Section 3.12    Taxes .  (a) The Company and each Company Subsidiary has timely filed with the appropriate Governmental Entity all income Tax Returns and other material Tax Returns required to be filed by them, and all such Tax Returns are complete and correct in all material respects. All Taxes due and payable by the Company and each Company Subsidiary have been paid, and the Company and each Company Subsidiary have provided adequate reserves in accordance with GAAP in their financial statements for any Taxes that have not been paid.

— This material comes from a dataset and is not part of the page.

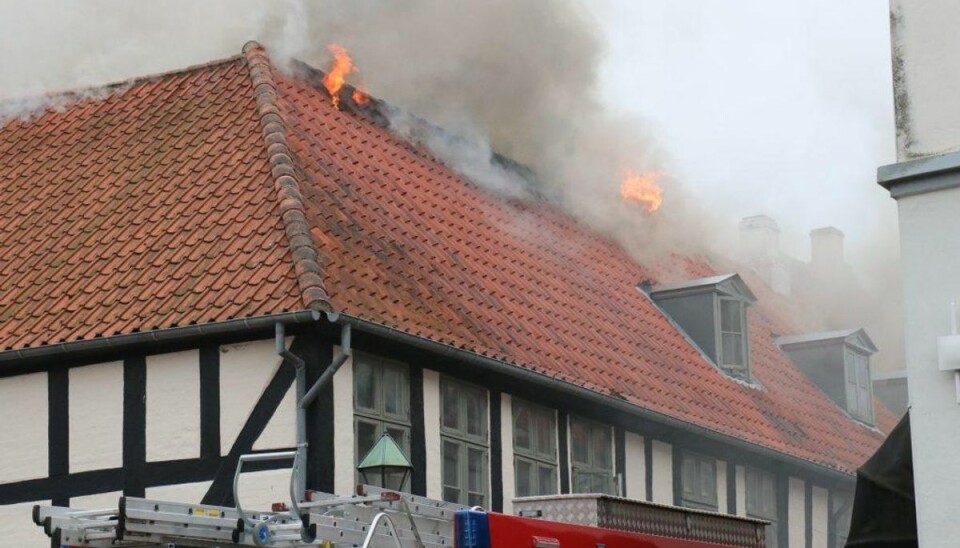 Vild brand hærger midtby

The Company has delivered or made available and will continue to make available to the Purchaser complete and accurate copies of all material Tax Returns relating to any Tax periods of the Company or any Company Subsidiary for which the statute of limitations has not expired.

 

(b)    There are currently no deficiencies for Taxes that have been claimed, proposed or assessed by any Governmental Entity against the Company or any Company Subsidiary for which adequate reserves have not been provided in the Company Financial Statements. There are no pending, or, to the Company’s knowledge, any threatened audits or other administrative proceedings or court proceedings with regard to any Taxes or Tax Returns of the Company or any Company Subsidiary. There are no matters under discussion with any Governmental Entity with respect to Taxes.

 

(c)    The Company and each Company Subsidiary has withheld and paid all Taxes required to have been withheld and paid in connection with amounts paid or owing to any employee, independent contractor, creditor, stockholder, or other third party.

 

(d)    To the knowledge of the Company, no payment of any consideration with respect to the Offer or the Merger is subject to withholding under Section 1441 or 1445 of the Code.

 

(e)    None of the Company or any Company Subsidiary has engaged in a transaction similar to any “reportable transaction” or “listed transaction” within the meaning of current, former or temporary Treasury Regulation Section 1.6011-4 for which there is no amount reflected in the financial statements of the Company or relevant Company Subsidiary.

 

(f)    Neither the Company nor, to its knowledge, any of its affiliates has taken or agreed to take any action that would prevent the Offer and the Merger from qualifying as a reorganization within the meaning of Section 368(a) of the Code. The Company is not aware of any agreement, plan or other circumstance that would prevent the Merger from qualifying as a reorganization within the meaning of Section 368(a) of the Code.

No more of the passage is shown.